I sat up, drawing us so close our noses almost touched. I rubbed a thumb over the crease.

“Don’t be. That day made me the man I am now. Showed me what I was built for. My true purpose,” I told her.

“You gave up music to be an agent.” She said it matter-of-factly, but there was still sorrow in her voice.

I wasn’t sorry I had given it up. It had never seemed like a sacrifice. Not until recently. Not until my body ached and my soul felt exhausted. Not until one fiery blonde pulled at the curtain I’d pulled over my emotions and caused me to lose focus in just the way my father had lost his?the way that had cost him his life.

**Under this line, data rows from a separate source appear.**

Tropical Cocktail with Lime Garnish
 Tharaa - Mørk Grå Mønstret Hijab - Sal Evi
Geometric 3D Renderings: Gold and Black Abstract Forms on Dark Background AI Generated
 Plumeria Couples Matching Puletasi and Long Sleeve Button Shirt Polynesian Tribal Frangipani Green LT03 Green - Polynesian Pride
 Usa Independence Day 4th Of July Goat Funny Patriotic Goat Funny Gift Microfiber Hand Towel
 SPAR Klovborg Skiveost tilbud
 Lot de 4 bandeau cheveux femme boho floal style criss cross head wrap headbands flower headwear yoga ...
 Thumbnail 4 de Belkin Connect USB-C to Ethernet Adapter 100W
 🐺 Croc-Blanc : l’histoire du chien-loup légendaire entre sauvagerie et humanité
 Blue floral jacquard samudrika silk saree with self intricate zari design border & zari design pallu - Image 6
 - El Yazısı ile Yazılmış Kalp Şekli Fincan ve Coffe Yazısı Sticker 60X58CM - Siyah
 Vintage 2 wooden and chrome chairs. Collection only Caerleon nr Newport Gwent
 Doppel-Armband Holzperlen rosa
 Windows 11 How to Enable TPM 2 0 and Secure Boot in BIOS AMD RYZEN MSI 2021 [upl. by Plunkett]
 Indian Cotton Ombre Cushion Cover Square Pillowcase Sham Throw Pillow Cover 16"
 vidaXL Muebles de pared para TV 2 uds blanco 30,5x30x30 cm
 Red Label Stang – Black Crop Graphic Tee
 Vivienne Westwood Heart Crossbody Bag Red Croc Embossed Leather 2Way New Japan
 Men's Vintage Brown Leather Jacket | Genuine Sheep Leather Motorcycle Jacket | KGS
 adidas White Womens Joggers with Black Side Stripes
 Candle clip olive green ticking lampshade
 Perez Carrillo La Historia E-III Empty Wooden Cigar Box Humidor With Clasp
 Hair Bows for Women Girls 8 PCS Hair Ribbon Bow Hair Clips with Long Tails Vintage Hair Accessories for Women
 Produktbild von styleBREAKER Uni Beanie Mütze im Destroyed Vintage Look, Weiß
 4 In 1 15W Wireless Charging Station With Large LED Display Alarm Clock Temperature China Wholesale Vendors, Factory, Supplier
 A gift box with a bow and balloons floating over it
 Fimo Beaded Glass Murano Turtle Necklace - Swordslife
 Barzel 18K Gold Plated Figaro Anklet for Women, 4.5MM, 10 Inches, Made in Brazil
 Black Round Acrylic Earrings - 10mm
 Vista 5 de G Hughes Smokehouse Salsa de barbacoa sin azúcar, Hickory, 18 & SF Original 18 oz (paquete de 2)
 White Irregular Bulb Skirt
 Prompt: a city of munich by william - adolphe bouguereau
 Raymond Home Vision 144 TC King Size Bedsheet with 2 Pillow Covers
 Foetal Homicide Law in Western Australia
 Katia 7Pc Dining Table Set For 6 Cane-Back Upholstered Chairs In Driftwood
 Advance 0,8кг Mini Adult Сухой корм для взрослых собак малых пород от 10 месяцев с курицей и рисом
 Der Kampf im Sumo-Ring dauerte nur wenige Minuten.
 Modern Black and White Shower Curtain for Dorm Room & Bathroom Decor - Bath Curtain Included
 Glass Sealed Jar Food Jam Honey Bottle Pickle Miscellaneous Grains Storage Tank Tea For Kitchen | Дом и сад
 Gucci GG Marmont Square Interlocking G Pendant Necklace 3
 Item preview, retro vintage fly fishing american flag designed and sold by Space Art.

Our eyes were locked. My thumb traced over her brow, sliding down the side of her face, resting so my palm cupped her cheek. She didn’t pull away. There was grief in her eyes. Grief I understood because it never went away. I carried the loss of my father with me every single day. My mother had directed her pain into her music and turned out some of her most beloved songs. I’d taken every inch of training in martial arts and hand-to-hand combat my father had given me and turned it into a position at the FBI. But we both fought the grief his absence brought daily. We were lucky we’d had things to turn to. Raisa had her work. She’d go back to Stanford and funnel her energy into the next breakthrough she needed on her nano cells. But what would Manya Leskov do? She’d likely lose herself to the sorrow and drugs.

“Don’t be sorry for me,” I said. “Don’t have any feelings for me. It’s easier that way.”

She inhaled sharply as if I’d slapped her. Her eyes flashed when she said darkly, “Is it? Because I’ve lived that way for most of my life, and all I can think is how empty it’s left me.”